Biology Becomes a Data Science
As the Human Genome Project unfolded:
Computers were rapidly becoming more powerful
New sequencing technologies were being invented and improved almost yearly, making data generation faster and cheaper
Entirely new fields such as computational biology and bioinformatics emerged because the volume of data far exceeded what humans could analyze manually
All of a sudden, the tools required to do biology changed almost overnight. Biologists needed to learn technologies and methods once associated only with computer science:
Linux and the command-line interface — because sequencing data no longer fit on personal computers
Python — to analyze datasets too large for Excel or point-and-click interfaces
Common biological data formats such as FASTA, FASTQ, SAM/BAM, and VCF — the new “language” of biology
Git & Version Control — to collaborate across institutions and ensure reproducibility of analyses
Containerization — to package scientific software so it can run anywhere
High-performance computing (HPC) — to run computationally demanding genome assemblies, alignments, simulations, and machine learning models too large for personal computers
Artificial intelligence — emerging methods that now drive breakthroughs across all domains of science
In short, biology became a computational science, and the next era of biological discovery will come from researchers who can move fluently between data analysis, computer science, and biological insight.
Where This Course Fits In
This is one of the most exciting moments in the history of biology. Just a few years ago in 2020, the protein folding problem — a grand challenge that had stumped scientists for over 50 years — was finally solved by AlphaFold2, a revolutionary AI system that can predict protein structures with near-experimental accuracy.

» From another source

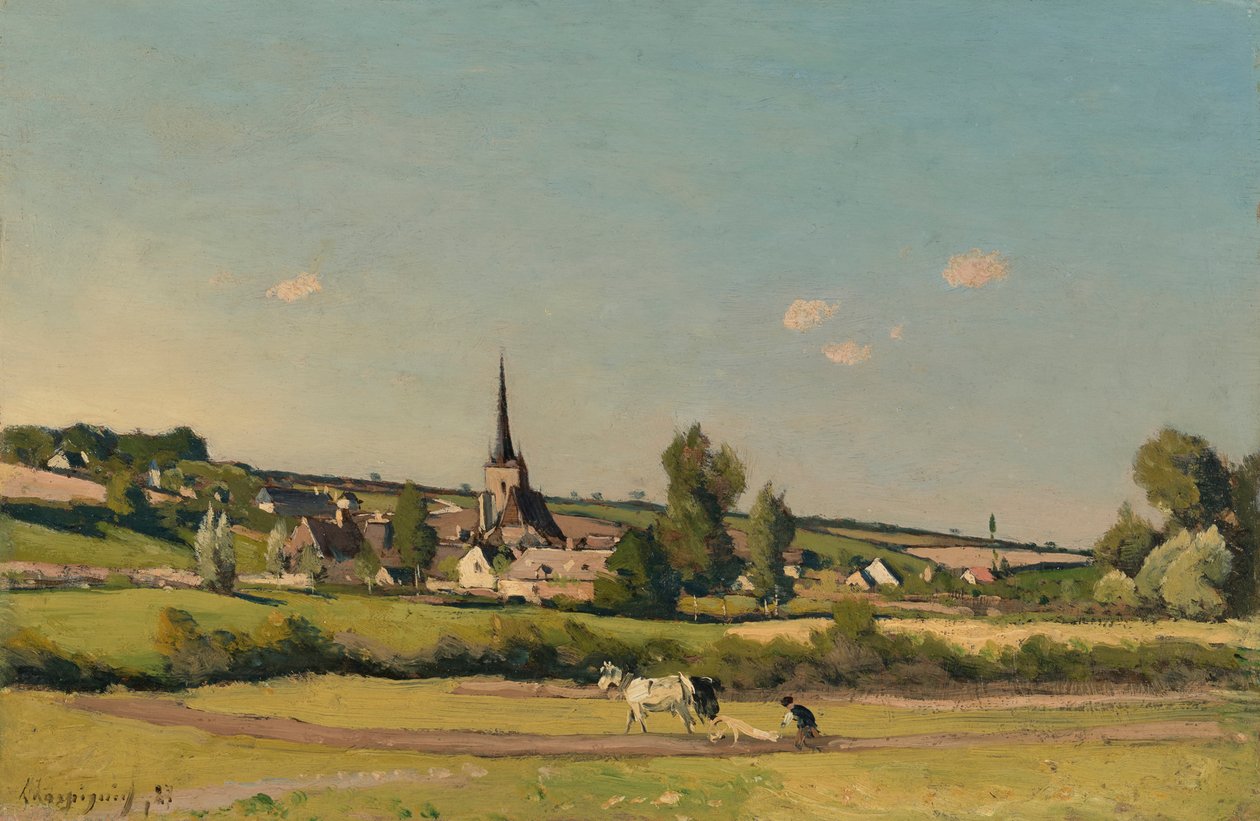Ansicht von Saint-Privé von Henri Joseph Harpignies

Comparison between experimentally determined protein structures (green) and predictions made by AlphaFold2 (blue), indicating the remarkable accuracy of AI-based computational methods in protein structure prediction. Source: GitHub/Google-Deepmind
AlphaFold unlocked a completely new way of doing structural biology, and the possibilities of biological research are expanding faster than ever. Those who understand computational methods will be well-positioned at the forefront of discovery.
This course is designed to equip you with the necessary tools and skills required for modern biological research. Whether your interests lie in genomics, ecology, neuroscience, medicine, microbiology, or biotechnology, the computational foundations you build here will prepare you for how biological research is done in practice.
Over the course of the semester, you will understand not only why biology requires HPC, but also how to use it to solve real scientific problems.
You will learn how to:
Analyze real genomics, transcriptomics, and medical datasets using command-line and Python tools
Work with core bioinformatics file formats (FASTA, FASTQ, SAM/BAM/VCF) and understand how data flows through computational pipelines
Use Git and GitHub for version control, collaboration, and managing computational workflows
Package and share scientific software using containers
Deploy an interactive scientific dashboard similar to those used by active research labs for real-time analysis and visualization
… and much more!
Attention
Reminder: If you haven’t already, please send the required email to the course instructors (see instructions at the beginning of this document). This email includes your name, EID, TACC username, and answers to the programming experience and course goals questions.
This email counts as your first homework assignment, so please complete it as soon as possible.